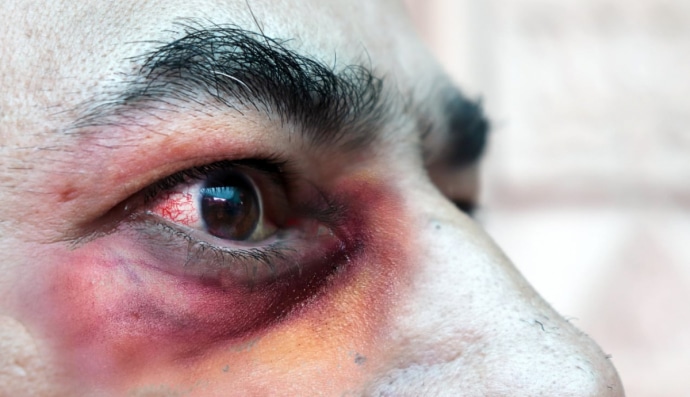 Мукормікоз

################

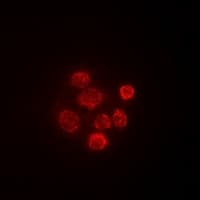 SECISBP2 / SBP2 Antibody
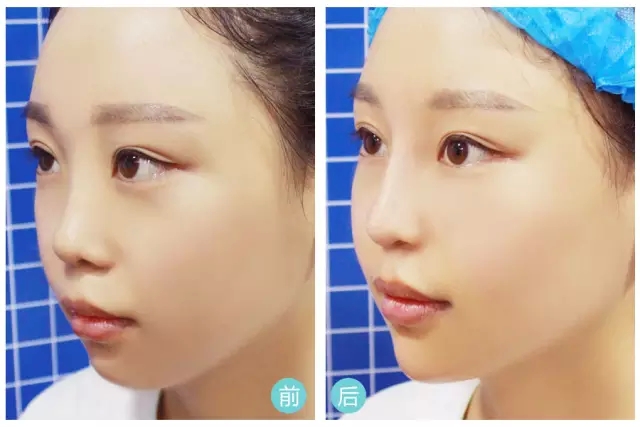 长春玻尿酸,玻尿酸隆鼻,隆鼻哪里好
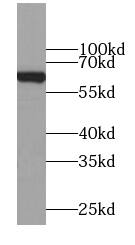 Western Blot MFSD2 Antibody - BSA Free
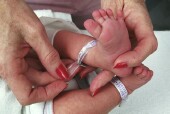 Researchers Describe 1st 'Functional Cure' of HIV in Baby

################

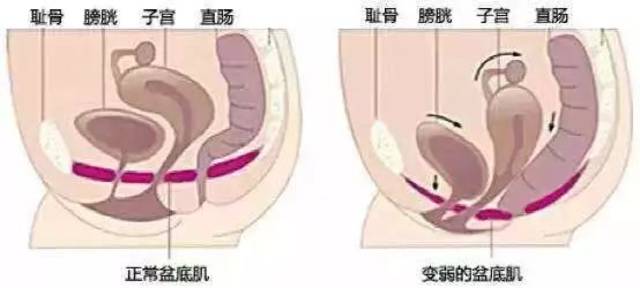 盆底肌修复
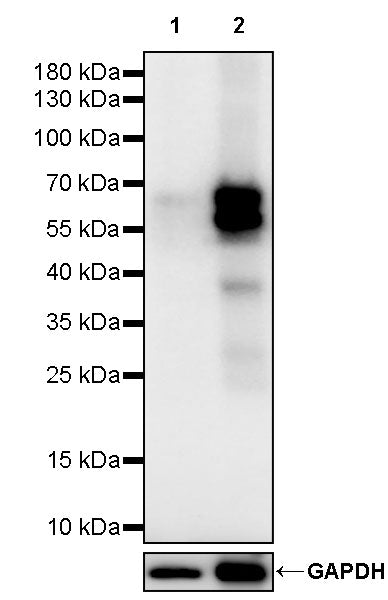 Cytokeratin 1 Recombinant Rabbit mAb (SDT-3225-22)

################

### Problem to work on
Reproduce the data above exactly, but only from the line containing "SECISBP2 / SBP2 Antibody" through the line containing "Researchers Describe 1st". Omit all pictures.

### Completed exercise
 SECISBP2 / SBP2 Antibody
 长春玻尿酸,玻尿酸隆鼻,隆鼻哪里好
 Western Blot MFSD2 Antibody - BSA Free
 Researchers Describe 1st 'Functional Cure' of HIV in Baby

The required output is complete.